Geode

Apache Geode is an open-source, in-memory distributed database designed to support transactional applications with the demand for low latency and high concurrency.

Isolation Levels

Read Uncommitted Repeatable Read

Geode supports repeatable read isolation. By default, the transactions are isolated at the thread level. So other threads can't see the changes made by one thread of a transaction until the commit begins. But after the commit begins, in the cache the partial results of the transaction are now visible to threads who visit the changing data, which could lead to dirty reads.

Users can prevent dirty reads and acquire a strict isolation model by setting "-Dgemfire.detectReadConflicts=true".

Storage Architecture

In-Memory

Geode follows the in-memory data grid (IMDG) outline. But it also has a disk store module to deal with data overflow and persistence. With the disk store, users can export data to disk when memory usage becomes too high or to persist data as a backup copy.

Query Interface

Custom API

Geode supports Object Query Language (OQL) to query region data. Although OQL and SQL share many syntactical similarities, they differ a lot, such as OQL doesn't support aggregation functions, it supports querying on complex object graphs, and by default, OQL queries on the value of the region rather than the key, etc.

Geode also supports query index hints to filter on the specified index by add "" at the beginning of the select query.

Foreign Keys

Not Supported

Although Geode doesn't support foreign keys, it provides a similar function called data colocation to store related data entries that have the same ID from different data regions into one single member. For example, the Geode system contains one customer records region and one customer orders region and they are related to each other through the customer.

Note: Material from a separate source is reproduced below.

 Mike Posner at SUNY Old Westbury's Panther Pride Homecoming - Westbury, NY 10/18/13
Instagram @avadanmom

By using colocation, users can maintain all records and orders information for a customer in a cache of a single member, which will be used by all operations regarding this customer only.

System Architecture

Shared-Nothing

Geode is designed in the shared-nothing architecture in order to have low latency and high concurrency performance.

Compression

Bit Packing / Mostly Encoding

By default, Geode supports Snappy compressor, and users are allowed to use their customized compressor by region. When compression is enabled in a region, all the values in memory will be compressed, and they will be decompressed when they are read from the cache.

Data Model

Key/Value

In a Geode distributed, system, caches are defined as an abstraction that describes the node of the in-memory storage for the data. Each cache contains regions, which data is stored in the form of key-value pairs. So caches are similar to the construct of databases and regions are similar to tables in a relational database.

Concurrency Control

Timestamp Ordering

For a partitioned region, all the updates on a specific key will be routed to the primary Geode member serializable.

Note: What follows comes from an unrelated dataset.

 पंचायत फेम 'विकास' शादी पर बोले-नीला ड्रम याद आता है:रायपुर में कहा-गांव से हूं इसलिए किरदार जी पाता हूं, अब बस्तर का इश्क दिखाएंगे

For a replicated region, as long as a member hosts the region, it can update the key and propagate it to other members. The consistency is retained by storing the version stamp and the Geode member ID which last updated the entry in each entry of a region. The version stamp will get incremented each time an update for that entry appears. When an update message is received, the Geode member/client will compare the version stamp of the update message to the one in the local cache. If the former one is larger, the member/client will perform the update and update the version stamp information. When the update message has the same version stamp as the local cache, the one with the higher member ID will be kept. The concurrency control of non-replicated regions and client cache is similar to the way in replicated regions.